A major addition will be a new four-level truck garage to accommodate deliveries for events. This will reduce the need for tractor-trailers to circle around the city block again and again until a loading dock is available—they will be able to move in and out in a timelier manner. 

“This expansion project will…really propel the convention center into the top tier of convention centers nationwide,” says Tony Sclafani, senior vice president and chief communications officer at the Javits Center. “With the new spaces such as new ballrooms, new meeting rooms, and a rooftop event space, we believe that we will attract many major trade shows and conventions that normally would not consider New York.” 

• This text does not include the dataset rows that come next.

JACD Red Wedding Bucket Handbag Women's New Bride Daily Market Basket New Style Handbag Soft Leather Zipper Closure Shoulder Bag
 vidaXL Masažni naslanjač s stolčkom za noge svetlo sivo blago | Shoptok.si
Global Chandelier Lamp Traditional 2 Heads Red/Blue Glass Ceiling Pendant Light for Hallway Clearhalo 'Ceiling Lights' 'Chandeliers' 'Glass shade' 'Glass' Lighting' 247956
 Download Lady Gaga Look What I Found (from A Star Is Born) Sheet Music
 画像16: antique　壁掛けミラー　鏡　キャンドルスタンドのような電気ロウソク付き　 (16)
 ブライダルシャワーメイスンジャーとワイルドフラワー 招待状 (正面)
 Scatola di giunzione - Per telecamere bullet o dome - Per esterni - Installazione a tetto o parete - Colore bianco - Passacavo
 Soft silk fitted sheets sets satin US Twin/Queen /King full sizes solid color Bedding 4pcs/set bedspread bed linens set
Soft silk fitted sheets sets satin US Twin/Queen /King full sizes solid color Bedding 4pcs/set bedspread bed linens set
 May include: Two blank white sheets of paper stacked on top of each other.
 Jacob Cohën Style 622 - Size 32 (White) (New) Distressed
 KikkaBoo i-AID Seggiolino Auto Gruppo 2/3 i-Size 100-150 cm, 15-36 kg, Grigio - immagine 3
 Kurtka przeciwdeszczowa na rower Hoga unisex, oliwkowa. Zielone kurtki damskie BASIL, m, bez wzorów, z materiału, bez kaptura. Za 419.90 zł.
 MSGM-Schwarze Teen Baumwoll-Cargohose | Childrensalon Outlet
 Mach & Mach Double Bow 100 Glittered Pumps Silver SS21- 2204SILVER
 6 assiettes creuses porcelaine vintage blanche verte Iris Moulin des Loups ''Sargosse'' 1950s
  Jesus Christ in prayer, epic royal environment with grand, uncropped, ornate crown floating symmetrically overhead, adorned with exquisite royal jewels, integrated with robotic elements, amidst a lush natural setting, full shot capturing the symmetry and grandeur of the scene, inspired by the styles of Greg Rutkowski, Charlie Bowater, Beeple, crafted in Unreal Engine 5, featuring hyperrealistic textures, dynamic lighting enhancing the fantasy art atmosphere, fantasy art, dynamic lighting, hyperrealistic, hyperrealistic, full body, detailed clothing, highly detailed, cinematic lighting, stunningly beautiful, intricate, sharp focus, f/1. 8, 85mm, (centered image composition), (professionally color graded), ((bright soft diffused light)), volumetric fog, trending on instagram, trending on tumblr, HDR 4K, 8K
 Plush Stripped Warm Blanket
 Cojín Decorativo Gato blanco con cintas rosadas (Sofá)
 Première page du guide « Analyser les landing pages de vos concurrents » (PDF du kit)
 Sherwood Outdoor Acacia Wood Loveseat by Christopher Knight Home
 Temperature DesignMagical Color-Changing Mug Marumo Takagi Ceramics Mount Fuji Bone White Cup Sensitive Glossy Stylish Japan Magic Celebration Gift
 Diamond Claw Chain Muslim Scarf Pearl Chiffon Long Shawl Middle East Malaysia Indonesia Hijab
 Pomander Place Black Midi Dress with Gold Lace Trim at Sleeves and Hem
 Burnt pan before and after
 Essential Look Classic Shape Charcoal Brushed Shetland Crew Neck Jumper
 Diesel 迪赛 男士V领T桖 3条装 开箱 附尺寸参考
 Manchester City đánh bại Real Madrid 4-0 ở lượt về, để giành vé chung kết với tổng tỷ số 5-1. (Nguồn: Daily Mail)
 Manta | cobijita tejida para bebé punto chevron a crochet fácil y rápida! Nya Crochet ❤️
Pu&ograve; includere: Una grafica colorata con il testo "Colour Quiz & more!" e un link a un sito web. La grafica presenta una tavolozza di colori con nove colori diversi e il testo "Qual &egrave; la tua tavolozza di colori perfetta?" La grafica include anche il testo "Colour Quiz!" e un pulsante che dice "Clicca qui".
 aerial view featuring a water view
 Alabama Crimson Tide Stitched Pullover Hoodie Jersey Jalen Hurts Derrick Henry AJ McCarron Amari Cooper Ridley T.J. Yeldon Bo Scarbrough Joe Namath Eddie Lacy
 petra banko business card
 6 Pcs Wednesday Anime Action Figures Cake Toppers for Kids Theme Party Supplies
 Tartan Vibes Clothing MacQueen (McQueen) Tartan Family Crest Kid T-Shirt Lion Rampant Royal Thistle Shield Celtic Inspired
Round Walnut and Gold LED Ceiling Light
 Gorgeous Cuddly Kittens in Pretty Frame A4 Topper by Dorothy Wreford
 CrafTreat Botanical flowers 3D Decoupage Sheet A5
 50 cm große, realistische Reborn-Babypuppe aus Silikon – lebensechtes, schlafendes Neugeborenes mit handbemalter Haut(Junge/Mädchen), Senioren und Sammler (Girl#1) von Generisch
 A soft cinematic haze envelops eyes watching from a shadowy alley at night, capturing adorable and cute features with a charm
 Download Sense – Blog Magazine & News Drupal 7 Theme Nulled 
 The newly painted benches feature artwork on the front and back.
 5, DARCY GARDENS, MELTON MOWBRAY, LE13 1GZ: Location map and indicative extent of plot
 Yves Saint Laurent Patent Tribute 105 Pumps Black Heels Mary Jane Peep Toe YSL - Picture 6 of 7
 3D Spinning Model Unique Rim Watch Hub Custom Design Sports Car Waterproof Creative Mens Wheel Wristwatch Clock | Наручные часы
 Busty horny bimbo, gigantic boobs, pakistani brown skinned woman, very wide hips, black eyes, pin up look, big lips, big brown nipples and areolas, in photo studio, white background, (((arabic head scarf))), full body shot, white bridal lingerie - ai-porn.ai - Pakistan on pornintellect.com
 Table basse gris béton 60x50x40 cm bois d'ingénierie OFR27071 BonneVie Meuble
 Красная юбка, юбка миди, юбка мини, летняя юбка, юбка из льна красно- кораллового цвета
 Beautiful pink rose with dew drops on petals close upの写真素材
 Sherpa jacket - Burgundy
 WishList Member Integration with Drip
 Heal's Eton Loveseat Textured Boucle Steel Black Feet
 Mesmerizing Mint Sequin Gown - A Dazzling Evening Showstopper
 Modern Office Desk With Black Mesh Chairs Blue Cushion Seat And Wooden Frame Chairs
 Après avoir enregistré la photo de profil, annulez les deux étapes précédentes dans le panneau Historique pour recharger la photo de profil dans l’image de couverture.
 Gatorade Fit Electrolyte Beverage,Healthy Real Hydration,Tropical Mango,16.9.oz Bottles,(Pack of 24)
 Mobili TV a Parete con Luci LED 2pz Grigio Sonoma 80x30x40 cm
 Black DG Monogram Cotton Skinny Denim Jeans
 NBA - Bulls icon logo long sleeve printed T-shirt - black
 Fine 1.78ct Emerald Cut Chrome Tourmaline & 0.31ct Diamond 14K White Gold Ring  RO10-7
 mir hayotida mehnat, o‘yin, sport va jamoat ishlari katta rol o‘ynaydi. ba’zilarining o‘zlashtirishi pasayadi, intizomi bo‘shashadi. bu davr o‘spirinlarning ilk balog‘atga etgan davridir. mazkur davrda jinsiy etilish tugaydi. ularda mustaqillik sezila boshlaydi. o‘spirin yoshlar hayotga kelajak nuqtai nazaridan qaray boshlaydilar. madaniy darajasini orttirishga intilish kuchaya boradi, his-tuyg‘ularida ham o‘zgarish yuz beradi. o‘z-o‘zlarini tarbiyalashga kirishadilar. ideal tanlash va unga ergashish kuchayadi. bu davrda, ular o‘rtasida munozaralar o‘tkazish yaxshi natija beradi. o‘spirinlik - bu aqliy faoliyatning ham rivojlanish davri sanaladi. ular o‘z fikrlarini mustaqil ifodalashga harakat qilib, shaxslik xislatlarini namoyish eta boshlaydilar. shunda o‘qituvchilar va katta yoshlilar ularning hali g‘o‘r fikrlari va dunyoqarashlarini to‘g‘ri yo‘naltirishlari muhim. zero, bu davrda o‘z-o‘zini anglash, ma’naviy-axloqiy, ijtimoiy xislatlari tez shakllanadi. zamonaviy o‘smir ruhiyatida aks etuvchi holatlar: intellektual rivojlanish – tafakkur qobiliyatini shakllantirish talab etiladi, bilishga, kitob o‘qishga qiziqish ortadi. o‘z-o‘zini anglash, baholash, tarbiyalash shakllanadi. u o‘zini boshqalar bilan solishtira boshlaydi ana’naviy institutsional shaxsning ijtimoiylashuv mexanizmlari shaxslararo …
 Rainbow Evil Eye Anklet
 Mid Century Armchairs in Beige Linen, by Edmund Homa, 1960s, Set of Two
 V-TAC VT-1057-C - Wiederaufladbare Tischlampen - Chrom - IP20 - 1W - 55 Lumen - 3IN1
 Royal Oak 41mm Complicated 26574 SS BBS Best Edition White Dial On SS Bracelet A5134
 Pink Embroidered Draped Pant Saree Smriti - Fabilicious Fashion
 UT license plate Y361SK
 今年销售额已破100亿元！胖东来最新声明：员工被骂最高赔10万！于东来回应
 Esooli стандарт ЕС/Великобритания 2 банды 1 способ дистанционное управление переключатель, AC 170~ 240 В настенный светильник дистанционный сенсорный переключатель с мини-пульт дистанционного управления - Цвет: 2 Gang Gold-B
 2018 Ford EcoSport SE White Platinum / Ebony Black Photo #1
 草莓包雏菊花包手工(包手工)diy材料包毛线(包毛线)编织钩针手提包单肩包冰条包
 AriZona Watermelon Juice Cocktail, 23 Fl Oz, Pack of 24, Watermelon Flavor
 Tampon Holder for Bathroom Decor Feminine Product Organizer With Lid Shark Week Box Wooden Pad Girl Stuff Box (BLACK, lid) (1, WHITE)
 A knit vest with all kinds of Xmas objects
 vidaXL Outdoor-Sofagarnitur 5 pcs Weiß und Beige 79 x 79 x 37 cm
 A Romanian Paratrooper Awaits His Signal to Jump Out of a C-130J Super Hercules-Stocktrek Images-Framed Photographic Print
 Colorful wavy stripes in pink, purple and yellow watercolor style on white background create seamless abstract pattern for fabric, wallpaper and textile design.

Dixon adds that a huge proponent of the safety improvements was Javits Center CEO and President Alan Steel. “Through the board of directors, our CEO was able to obtain the necessary funding to help push all of this through,” Dixon says. “He’s been extremely supportive.” 

Sclafani adds that security will only be further strengthened as Javits continues to serve its customer community. “It’s important to note that this security upgrade really is an extension of the renovation and changes—it wasn’t done in a vacuum.” 

As Javits anticipates even more improvements, the reinvented approach to security has paid off in measurable ways. In the last two years, the center saw an 86 percent decrease in overnight theft, and a 74 percent decrease in total theft on a year-to-year basis. 

“There are a lot of risks that are associated with being the busiest convention center in the country, and with being located in midtown Manhattan,” Dixon says. “We’ve tried to harden the Javits Center—to become more proactive and to do certain things that we think would deter anyone wishing to do us harm.”